Même si elle est retraitée de Radio-Canada depuis 2019, qu’elle vit une vie de rêve dans la ville toscane de Lucca, Alexandra Szacka doit toujours faire face aujourd’hui à son lot de déchirements. Quand la guerre en Ukraine a commencé, elle mourait d’envie de retourner sur le terrain. De mettre à profit ses connaissances et son expérience pour rendre compte de cette double tragédie qui est en train de transformer notre monde. « J’ai longtemps été insupportable. Je ne parlais que de ça, dit-elle en riant. Le métier que nous pratiquons, on n’en guérit pas. C’est beaucoup trop intéressant », me dit-elle. Je ne la contredirai pas.

Questionnaire sans filtre

Le café et moi : J’adore le cappucino italien en Italie. Nulle part ailleurs n’est-il aussi bon et peu cher.

Les gens que j’aimerais réunir à table, morts ou vivants : Anton Tchekhov, Marie Curie, Leonard Cohen et Elsa Morante, mon écrivaine favorite.
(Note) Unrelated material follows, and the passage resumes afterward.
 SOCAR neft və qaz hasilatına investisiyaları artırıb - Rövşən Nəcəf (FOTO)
Ma mère, Ilona Gruda, y serait aussi.

Des personnes qui m’inspirent : Ma fille Léa-Catherine, qui est une battante depuis qu’elle est toute petite, et mon fils Thomas, qui a une belle âme, une âme d’artiste et de penseur.

Le dernier livre que j’ai lu : Vivre vite, de Brigitte Giraud, le Goncourt 2022.
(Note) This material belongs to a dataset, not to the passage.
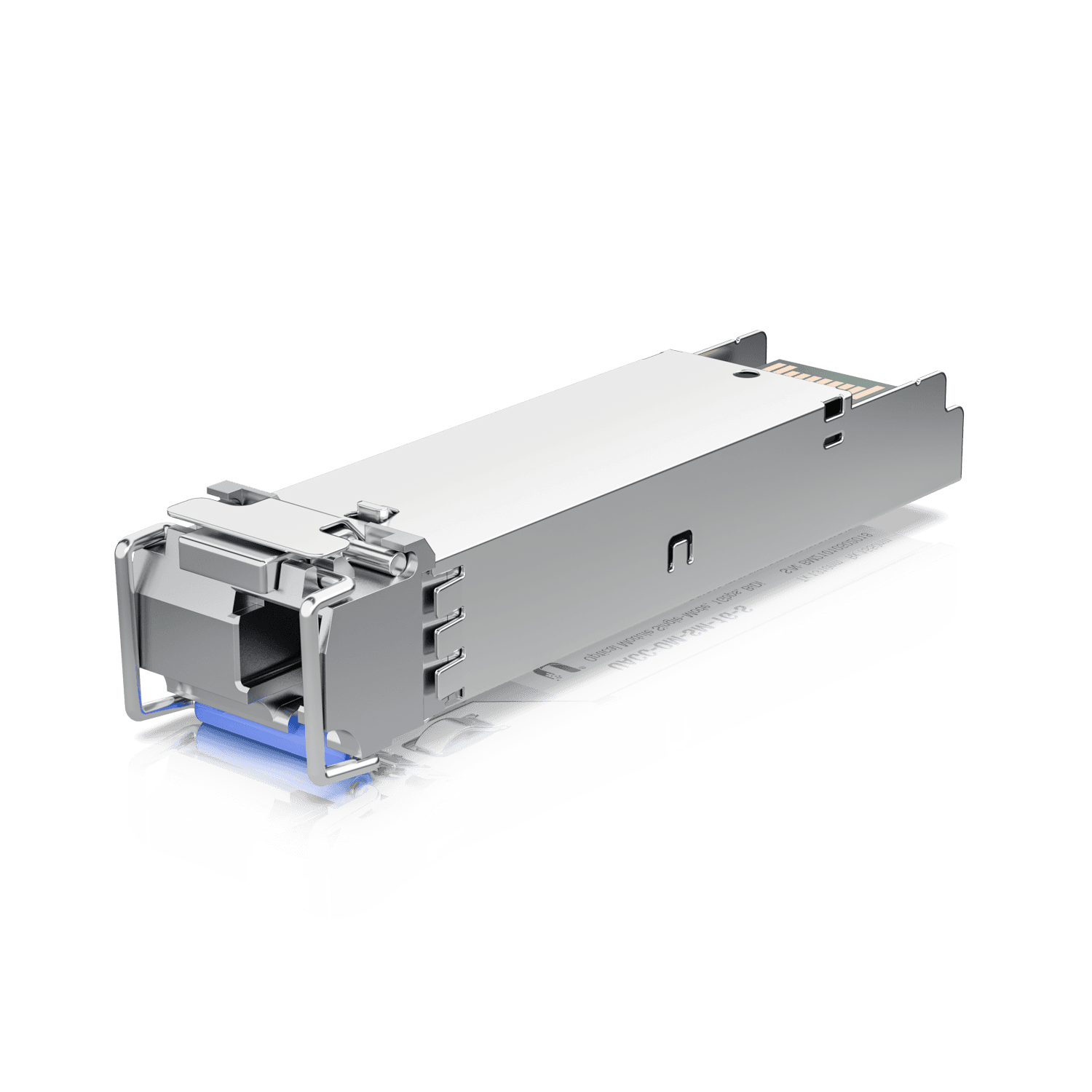 Módulo Óptico Unidireccional de 1G en Modo Simple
Qui est Alexandra Szacka ?

  • Née en Pologne en 1953, Alexandra Szacka est arrivée au Québec à la fin de l’adolescence.
  • Diplômée en anthropologie, elle a été journaliste à l’émission Nord-Sud de Radio-Québec (aujourd’hui Télé-Québec) puis à Radio-Canada, où elle a notamment travaillé pour les émissions d’affaires publiques Enjeux et Zone libre avant de rejoindre le service des nouvelles.
  • Elle a aussi été correspondante de Radio-Canada à Moscou et à Paris.
  • Au moment de prendre sa retraite en 2019, elle avait réalisé des reportages dans une cinquantaine de pays et remporté de nombreux prix. Ses mémoires, Je ferai le tour du monde, viennent de paraître chez Boréal.